From “Black Jack” Pershing’s pursuit of Pancho Villa deep into Chihuahua to fentanyl streaming into the United States, Washington forgets that the southern border has always been a battlefield.
In August, Mexican President Claudia Sheinbaum declared, “We will never allow the US army or any other institution of the US to set foot in Mexican territory.” Her words came after reports that President Trump had signed a directive authorizing the Department of War to conduct military operations against Latin American cartels designated as Foreign Terrorist Organizations, Sinaloa foremost among them.
In Washington the rubric was “hemispheric defense.” In Mexico City it was heard as the prelude to invasion. Both capitals spoke as if the prospect was novel. But it is not.
American forces have crossed the Rio Grande in uniform far more often than most Americans realize.
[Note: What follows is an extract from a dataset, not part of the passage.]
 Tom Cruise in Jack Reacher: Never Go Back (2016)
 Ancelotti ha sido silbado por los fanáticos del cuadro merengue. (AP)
The Mexican-American War of 1846 amputated half of Mexico’s territory. Then, there were the Las Cuevas War of 1875 and the “Bandit Wars,” a series of raids by Mexican outlaws into Texas from 1915–1919. Even the obscure Garza Revolution of the 1890s followed the same logic. When cross-border violence spilled north, the United States answered not with demarches but with dragoons. Mexico remembers. But Americans forget and then declare the next repetition “unprecedented.”